This exercise calls for duplicating every entry below exactly, without the images.

▸ **Data extract**:
● ● ●

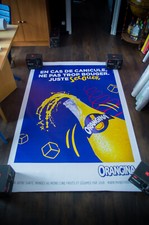 Orangina french bus shelter - orangina,
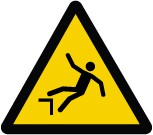 ISO Warning Safety Label: Step Off Hazard (2011)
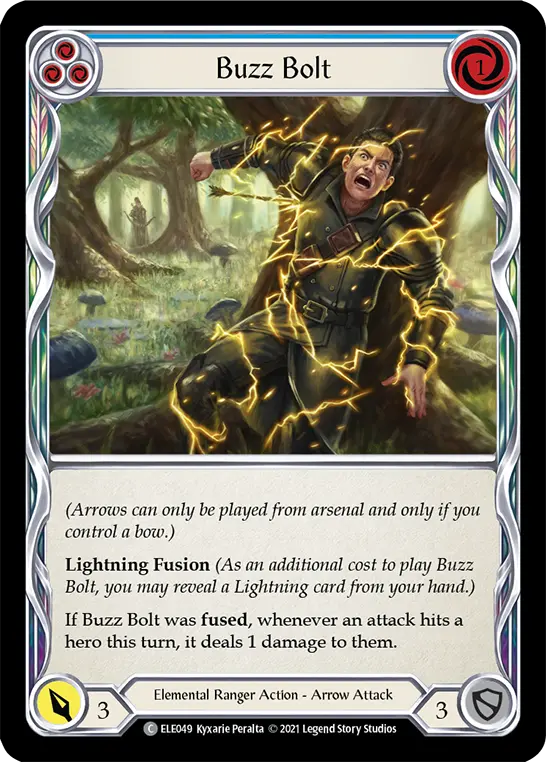 Card: Buzz Bolt (blu)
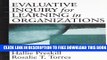 Collection Book Evaluative Inquiry for Learning in Organizations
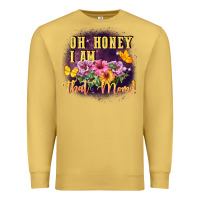 Antique Gold Oh honey i am that mom Premium Sweatshirt - FaDigitalArtStudio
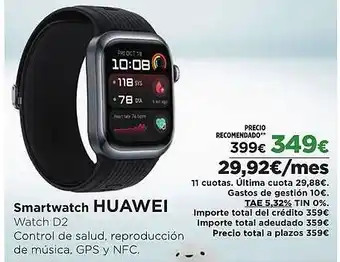 El Corte Inglés HUAWEI Smartwatch Watch D2 oferta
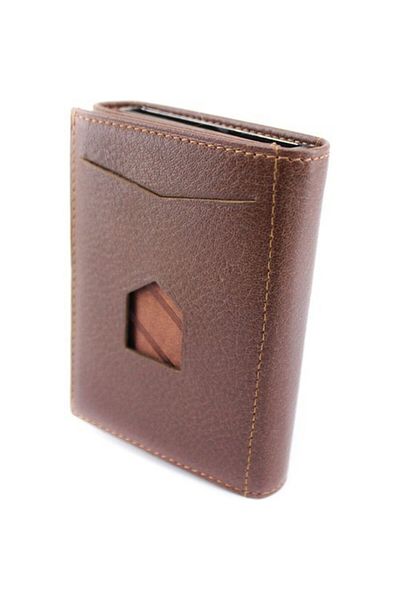 Grande Genuine Leather Men's Wallet Brown 752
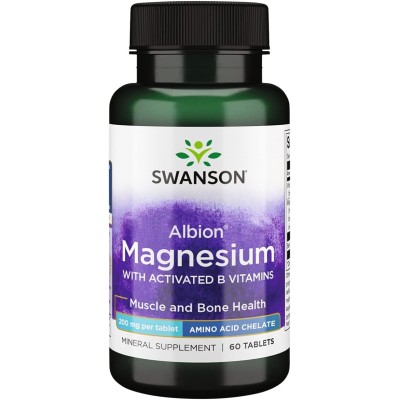 Swanson - Albion Chelated TRS Magnesium - 60 tablets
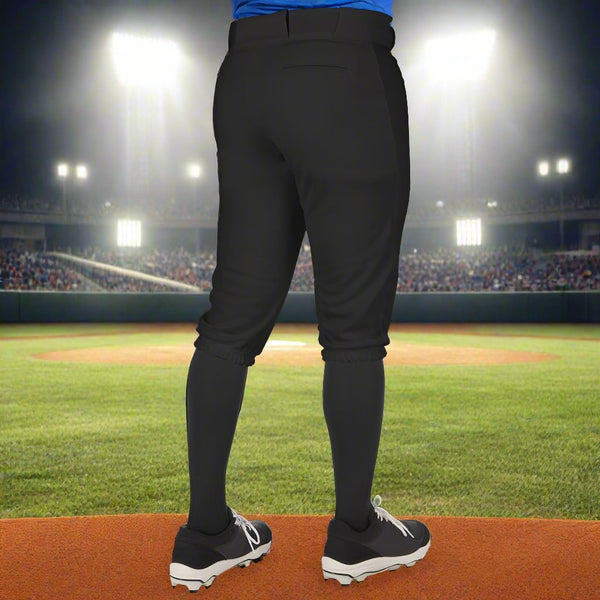 Rear view of the Champro Men's Triple Crown 2.0 Knicker Baseball Pants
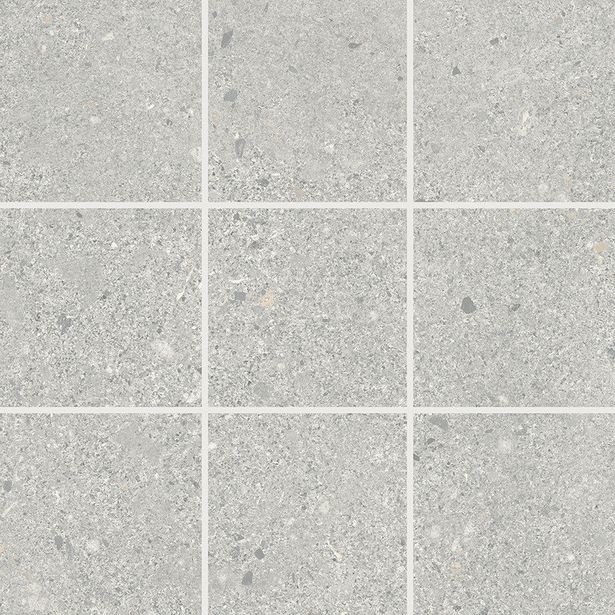 Lattialaatta Void 10x10cm, sileä, matta, fog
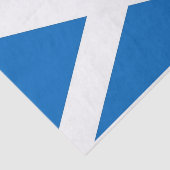 Mousseline Papier de tissu patriotique avec drapeau écossais (Détail)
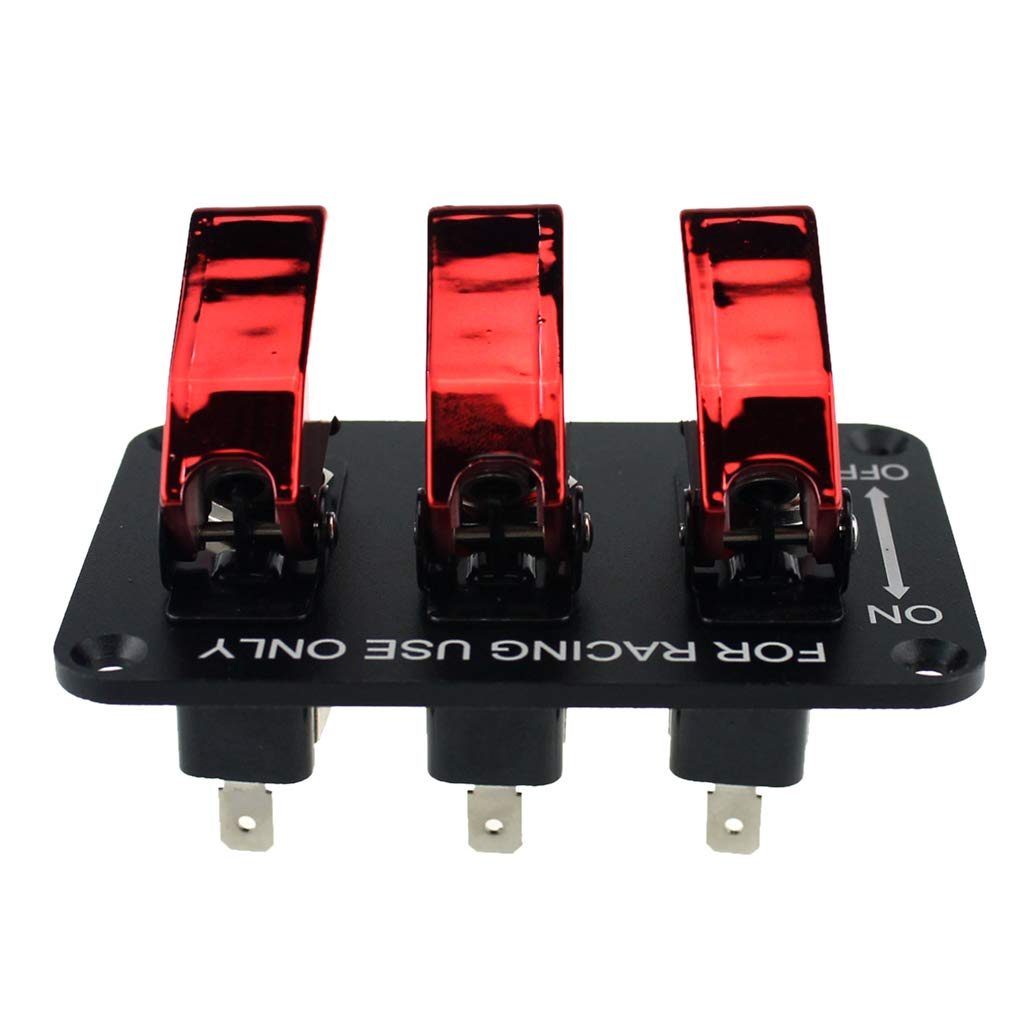 Gazechimp Toggle Switch Panel for Race Car - Engine Start Ignition & Lighting Control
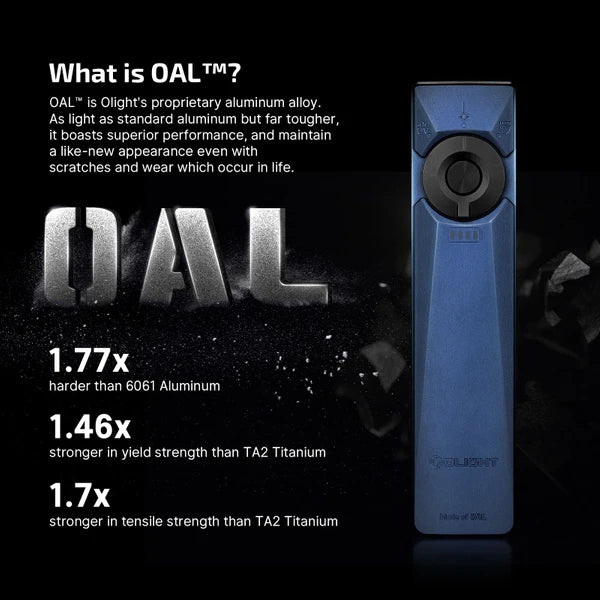 Arkfeld Ultra 3-in-1 EDC Flashlight with O-aluminum Material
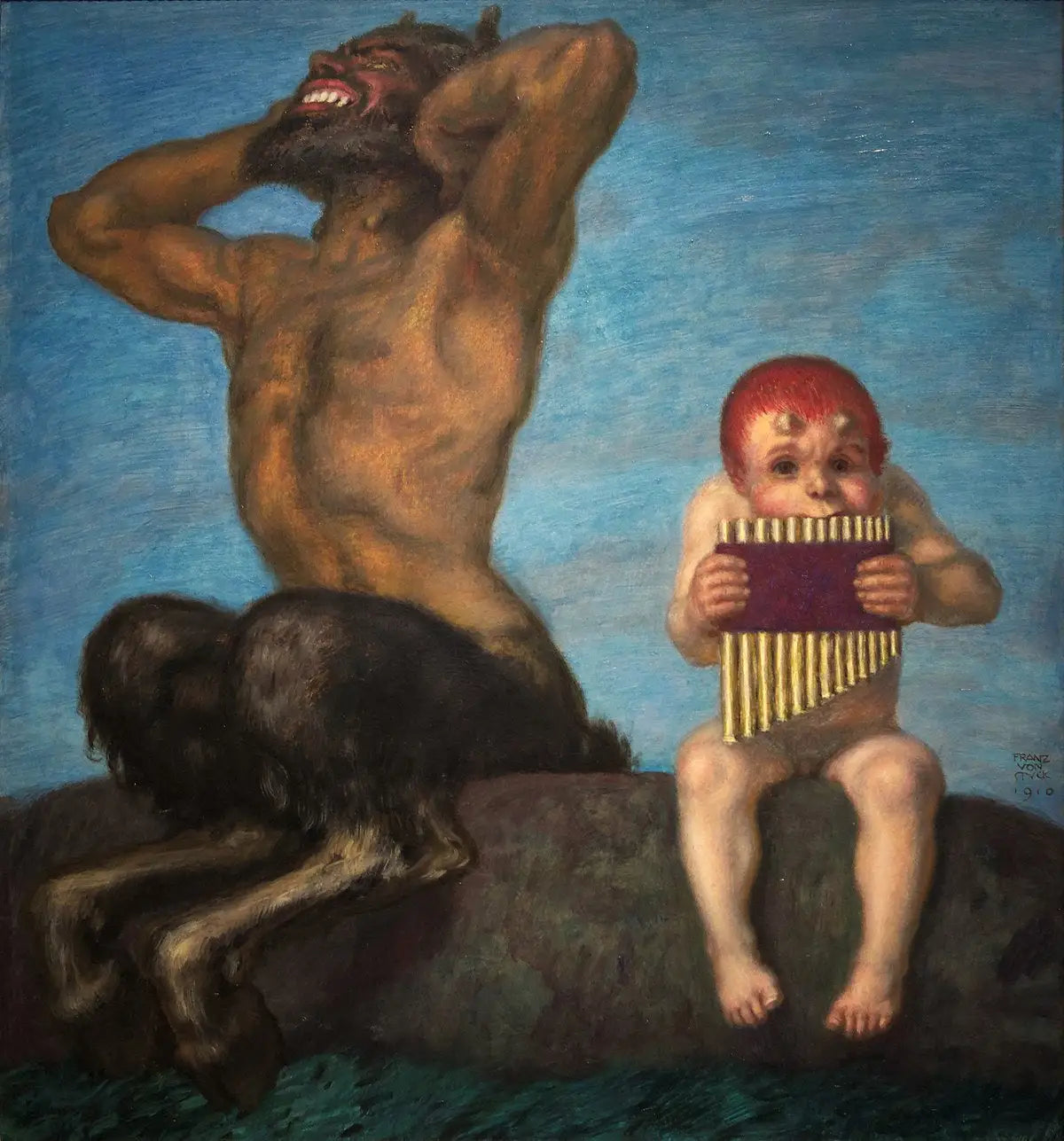 Dissonance - Franz Von Stuck image 1 copie peinte à la main à l’huile
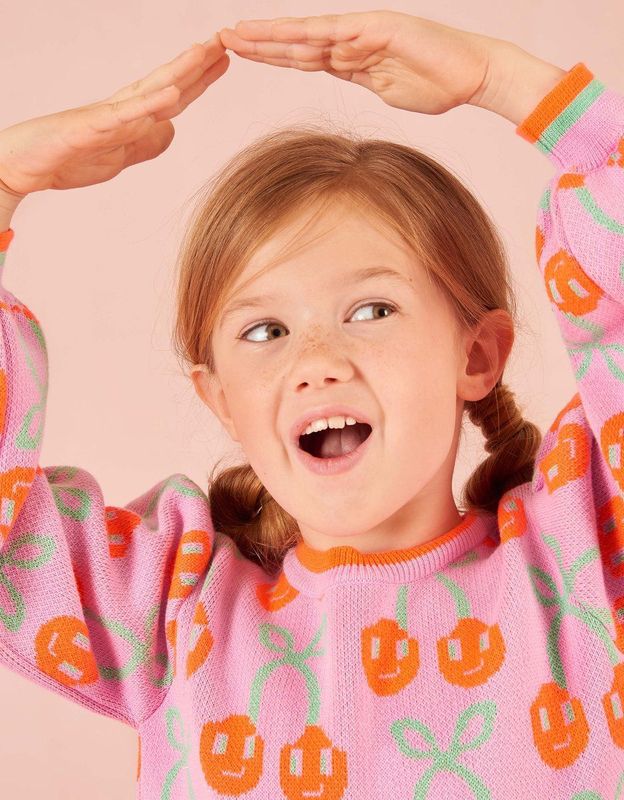 Oilily - Kersje pullover - Wit - 122/7yr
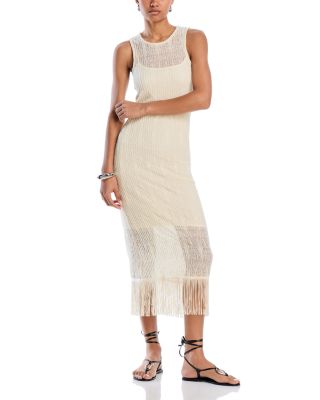 Palmacea - Amber Fringe Hem Swim Cover-Up Dress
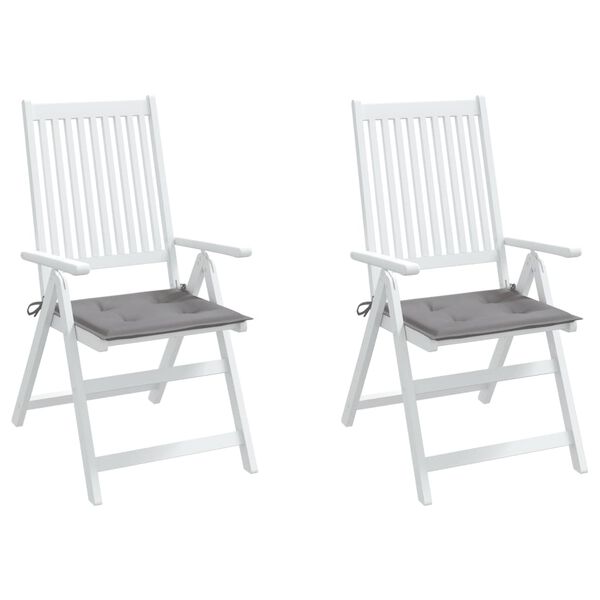 vidaXL Coussins de chaise de jardin lot de 2 gris 50x50x4 cm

● ● ●

▸ **Solution**:
 Orangina french bus shelter - orangina,
 ISO Warning Safety Label: Step Off Hazard (2011)
 Card: Buzz Bolt (blu)
 Collection Book Evaluative Inquiry for Learning in Organizations
 Antique Gold Oh honey i am that mom Premium Sweatshirt - FaDigitalArtStudio
 El Corte Inglés HUAWEI Smartwatch Watch D2 oferta
 Grande Genuine Leather Men's Wallet Brown 752
 Swanson - Albion Chelated TRS Magnesium - 60 tablets
 Rear view of the Champro Men's Triple Crown 2.0 Knicker Baseball Pants
 Lattialaatta Void 10x10cm, sileä, matta, fog
 Mousseline Papier de tissu patriotique avec drapeau écossais (Détail)
 Gazechimp Toggle Switch Panel for Race Car - Engine Start Ignition & Lighting Control
 Arkfeld Ultra 3-in-1 EDC Flashlight with O-aluminum Material
 Dissonance - Franz Von Stuck image 1 copie peinte à la main à l’huile
 Oilily - Kersje pullover - Wit - 122/7yr
 Palmacea - Amber Fringe Hem Swim Cover-Up Dress
 vidaXL Coussins de chaise de jardin lot de 2 gris 50x50x4 cm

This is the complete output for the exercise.